To repeat the for the millionth time - where is that public (beta/techpreview/Idontcare) ARM Linux Flash build ?
You can keep repeating all you like, there was never a public for ARM. There was a public beta for Windows, Mac, Linux - you know... the operating systems where you can install things as such. How hard is that to understand? You're going at this like the ARM based OS's are not under some form of version control to avoid the diversity that's on x86 based OS's - you know... where people can add, change, modify hardware and the OS. Each and every ARM based OS on the tablets, phones, et al are under the control of somebody else, usually the vendor. And then Adobe has to play by those rules. Everybody does... care to name one plugin that breaks this observation?

Anyway, Adobe does the work, Nokia does the implementation and distribution. Ever care to ask the better question as to where Texas Instruments got their Adobe Flash from?

Which other platforms are you talking about, not counting hacks, previews, announcements, unsanctioned builds, etc ?
Which platforms support your verbiage? Don't list Mac, Windows nor Linux. Start there.

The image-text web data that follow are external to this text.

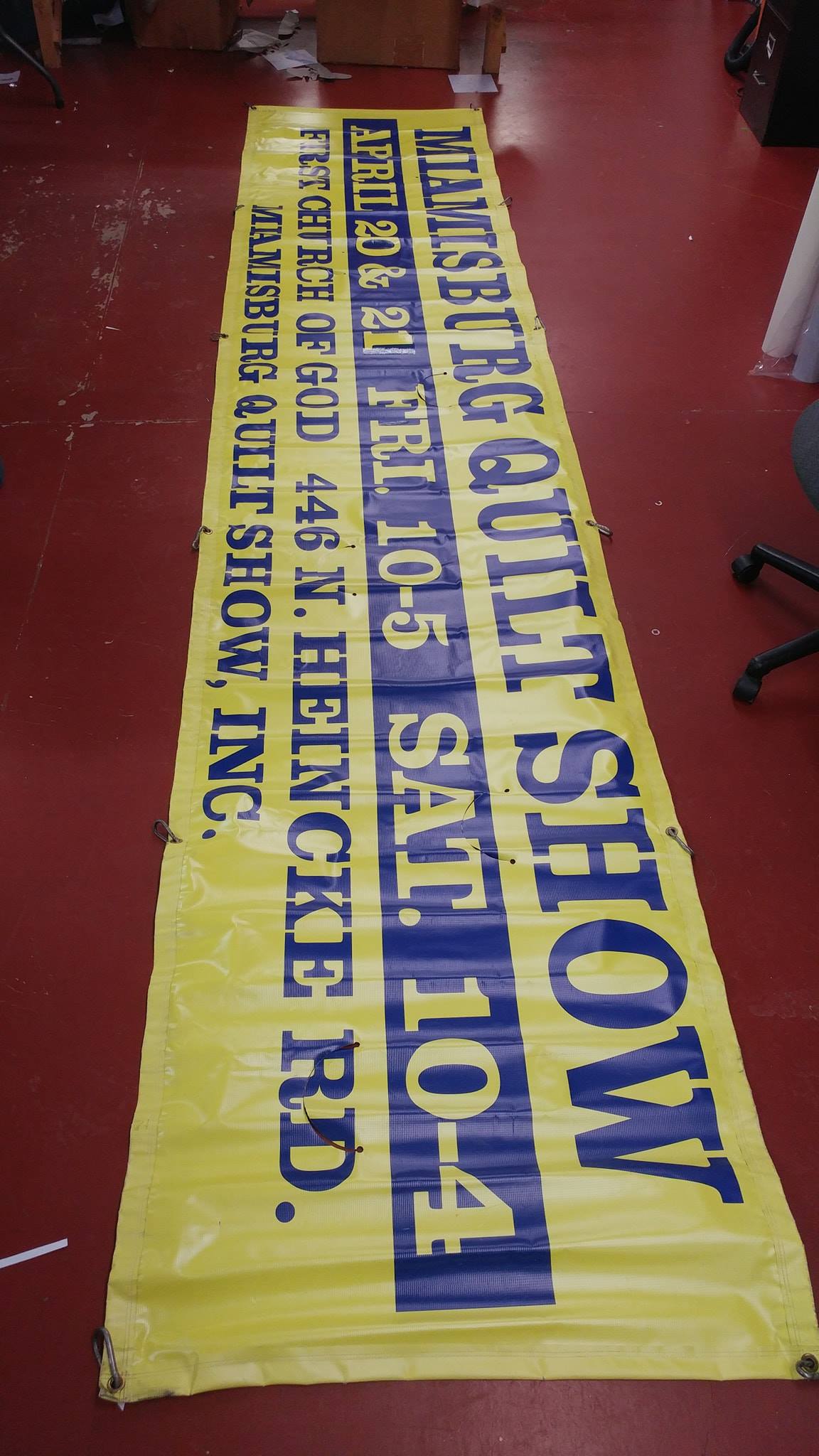 A long yellow banner with blue text announcing the Miamisburg Quilt Show, dates, times, and address.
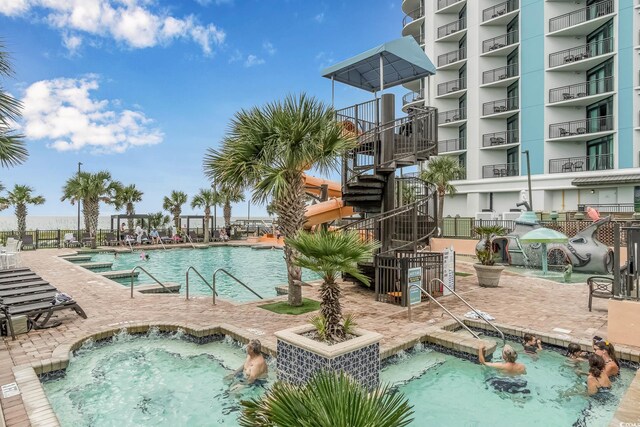 3000 N Ocean Blvd Unit 209, Myrtle Beach, SC 29577 - community pool featuring a hot tub and a patio area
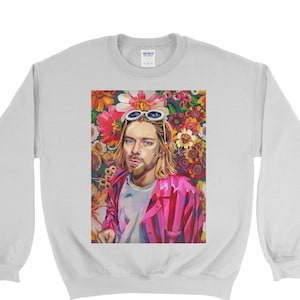 May include: A white sweatshirt with a colorful print of a person wearing sunglasses and a pink jacket. The background of the print is a floral pattern.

Flash has nothing to do with computers, its bastard versions are available on basically anything.
Yet on my computer, I'm already running 10.2 beta. But on the "mobile computer" you can't even install a newer version of a plugin, get an updated version of Skype, update or maintain the BME... face it, if it's closed source on Maemo, you're SOL.

Because TI is not releasing it, that is the problem. Their license is only for hardware OEM manufacturers. Let's say for argument's sake Nokia had the same thing (disclaimer: I have no idea if it does). It still couldn't give it to you as the Adobe T&C specifically forbids it. Back to square one.
TI got it from Adobe. TI has to state that they will not distribute it based on the manufacturer of the handset and OS. Until Nokia gets off their fat arse and says "It's ok to distribute", TI and Adobe can't distribute it.

As it stands, it is unoptimized, ultimately unusable as it stands. Either Nokia needs to work on its implementation better, TI needs to optimize it better for Nokia or Adobe needs to get paid to finish the work that Nokia is unwilling to do.

You've somehow applied open source logic - public betas - and desktop OS - ability to install closed source betas and updates - to this situation.

It just doesn't fit. If you think it does, please show me where this has been allowed in the past. VLC? Silverlight? Skype? Real? Give me a place where updates and/or betas have been installable that affect another piece of software that's tied to the OS - read: browser - that supports your position.

Last edited by gerbick; 2011-01-02 at 18:22.